En 2016, comme en 2015, ce mouvement de hausse s’est inversé dans beaucoup de pays et le ratio recettes / PIB a diminué de 0,3 point en France tandis qu’il baissait de 0,2 point de PIB dans la zone euro et qu’il était stable dans l’Union européenne.
Cette évolution des recettes publiques suggère que la France est restée en 2016 au 2ème rang de l’Union européenne et de l’OCDE pour le taux de ses prélèvements obligatoires, ce qui devra être confirmé par l’OCDE.
Sources : Eurostat ; FIPECO
D) La dette publique de la France s’éloigne de la moyenne européenne et plus particulièrement de la dette de l’Allemagne
De 1995 à 2007, les dettes publiques de la France et de l’Allemagne ont toujours été quasiment identiques en pourcentage du PIB. Bien que les déficits publics allemands aient été plus faibles au cours des années 2008 à 2010, elles sont restées très proches car les administrations publiques allemandes se sont fortement endettées pour doter en capital des institutions financières en difficulté[4].
A partir de 2011, les trajectoires des dettes des deux pays ont fortement divergé. En effet, d’une part, le solde public allemand est largement supérieur à celui qui est nécessaire pour stabiliser la dette alors que celui de la France est encore inférieur de 1,5 point de PIB à ce « solde stabilisant » ; d’autre part, les établissements financiers allemands en difficulté ont remboursé une partie de leurs dettes aux administrations publiques et celles-ci ont pu elles-mêmes se désendetter.
En 2016, la dette publique de l’Allemagne (68,3 % du PIB) est ainsi inférieure de presque 28 points de PIB à celle de la France (96,0 %), qui continue à augmenter.
Sources : Eurostat ; FIPECO
La dette publique de la France était quasiment identique, en pourcentage du PIB, à la moyenne de la zone euro et supérieure de 6,5 points à celle de l’Union européenne en 2007. Ces écarts n’ont pas beaucoup varié jusqu’à 2012. Depuis 2013, le ratio de la France s’éloigne des moyennes de la zone euro et de l’Union européenne.
En 2016, la dette publique de la France a augmenté de 0,4 point pour atteindre 96,0 % du PIB tandis que celle de la zone euro baissait de 1,1 point pour revenir à 89,2 % et celle de l’Union européenne de 1,4 points pour revenir à 83,5 %. La dette publique allemande a diminué de 71,2 % du PIB fin 2015 à 68,3 % fin 2016. Si la dette de la France reste sensiblement inférieure à celle de l'Italie (132,6 % du PIB) et de la Belgique (105,9 %), elle n’est plus très loin de celle de l’Espagne (99,4 %), qui diminue depuis 2014.

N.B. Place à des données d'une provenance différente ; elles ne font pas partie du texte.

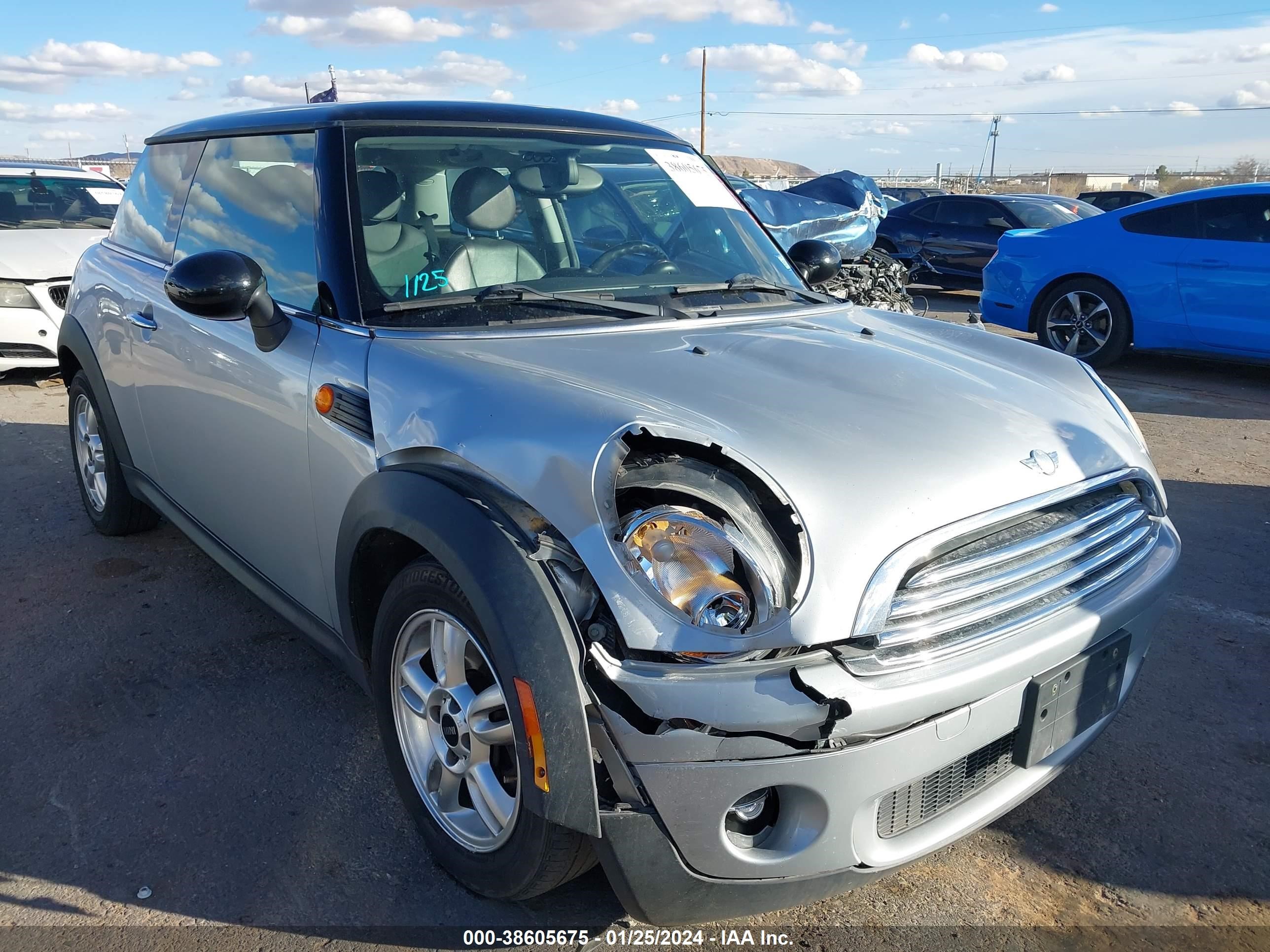 Photo 5 VIN: WMWMF335X8TU66406 - MINI COOPER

[1] Les « crédits d’impôts » sont toujours remboursables et indépendants de l’impôt dû, ce qui les distingue des « réductions d’impôts » ; celles-ci ne donnent pas lieu à remboursement si elles dépassent l’impôt dû.
[2] La comparaison des évolutions en valeur des dépenses et du PIB dans l’Union européenne présente des difficultés méthodologiques car elle implique de convertir les monnaies nationales dans une monnaie commune. Ces évolutions résultent donc pour partie des variations des taux de change.
[3] Remplacer le CICE par une baisse de cotisations patronales, ce qui présenterait d’importantes difficultés, se traduirait par une diminution des dépenses publiques d’environ 1 point de PIB (et une hausse du déficit public d’un même montant pendant la transition) comme le montre la note consacrée à ce sujet sur ce site.
[4] En comptabilité nationale, les dotations en capital sont des opérations financières qui n’ont pas d’impact sur le déficit public. Eurostat peut toutefois les requalifier en subventions, ce qui aggrave le déficit public, si elles ne correspondent pas au comportement d’un actionnaire avisé, ce qui a été plusieurs fois le cas de l’Allemagne et de la France.